Basically, there is a lot of conversation about trying to break the stigma surrounding mental health and seeking help for it. More and more, people want others to feel comfortable going in asking for help, and that is truly a great thing. However, it’s hard to go and seek that help when the community in which you’ve been raised will not even talk about it.

Trying to get a conversation in with the family about seeing a therapist or talking to a counselor is hard on its own, and there is bound to be backlash. That is because the family is going to try to convince you that you’re not “crazy” and that you don’t need to talk to someone. They say, “Just talk to me.” “Tell me what’s going on.” “You’re fine.” “We don’t tell our personal problems to other people because then they gossip.”

They continue, “Now when you talk about feeling depressed or if you have anxiety the conversation changes to depression? You have a house, a car, you go to school, you have food on the table… Your friends you go out with make you so depressed. No, no, just go eat something or sleep. You will feel better tomorrow.”
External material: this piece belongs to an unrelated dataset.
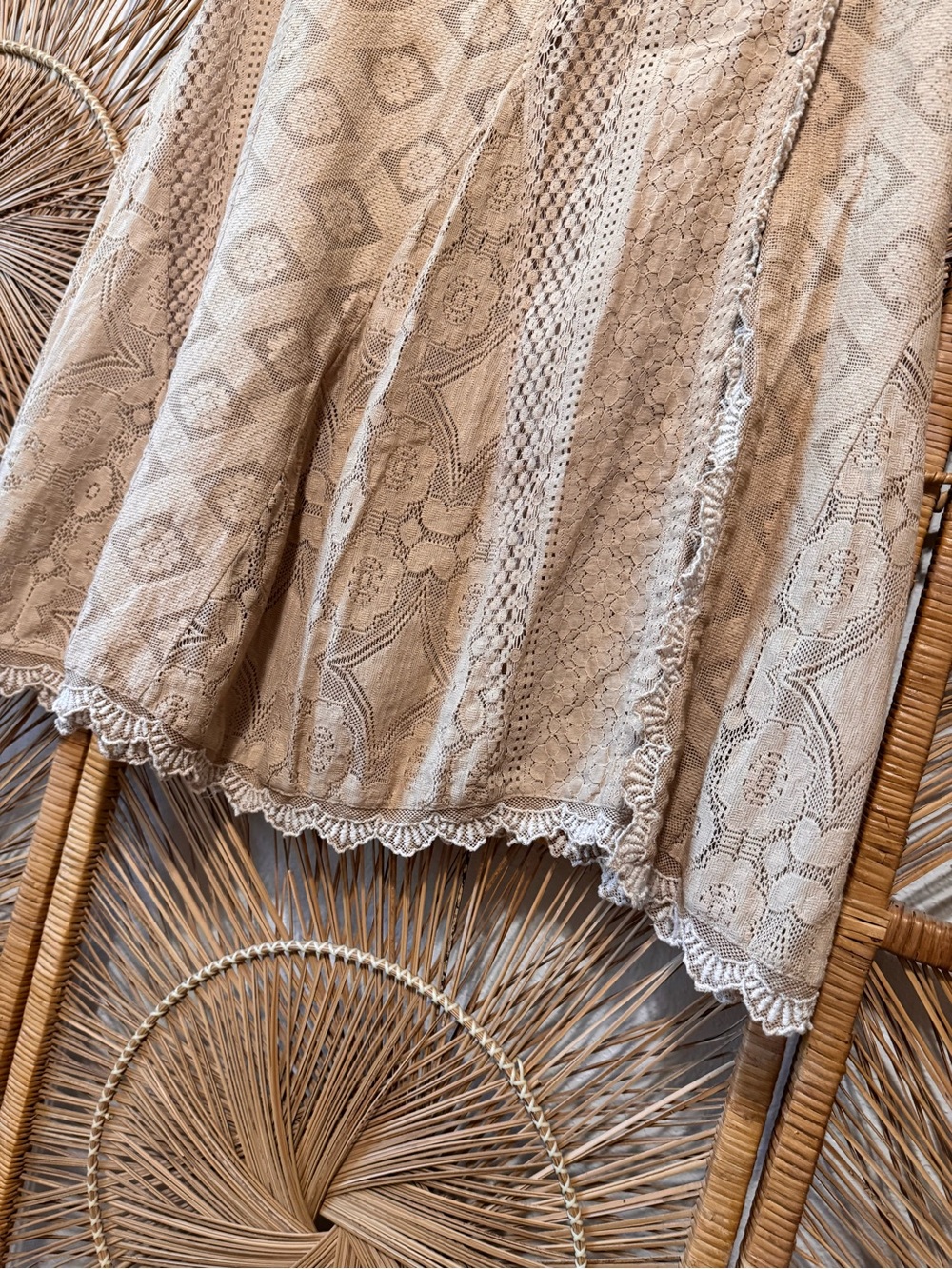 Free People Set| OOAK Hand Tea Dyed by me| Boho Lace Maxi Skirt - Beige| Sz: 2 - Picture 11 of 16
But that is not how this actually works. Reaching out is the hardest thing to do, and when it’s not acknowledged it makes things harder.

Let’s say an individual does get treatment. That individual will not be allowed to talk about it in a family function. If an aunt or uncle asks, “Oh, how is so-and-so doing?” there will be no mention of that individual  feeling sick. Rather, it will be covered up and they will be told that “everything’s fine” because it’s such a taboo thing to talk about, especially if it suggests that their child is “mentally unstable.” 

This lack of communication is dangerous because communication is the one thing that will lead to somebody ever getting the treatment if their own family and culture collectively look down on it. Thankfully, you can turn to your friends even when your support system back home will not. But still, I encourage you to talk to anybody who will hear, regardless of what they might think.

None of the images used belong to the author or Her Campus UC Davis.

I'm 21 years old from Manteca California and majoring in international relations at University of California Davis. I'm aspiring to become a lawyer! I love Bhangra, family, friends and event planning and during dinner one night I decided with my best friends why not have a bhangra competition at UC Davis. Fun fact about me, I love to travel, and my immediate family is in 14 different countries.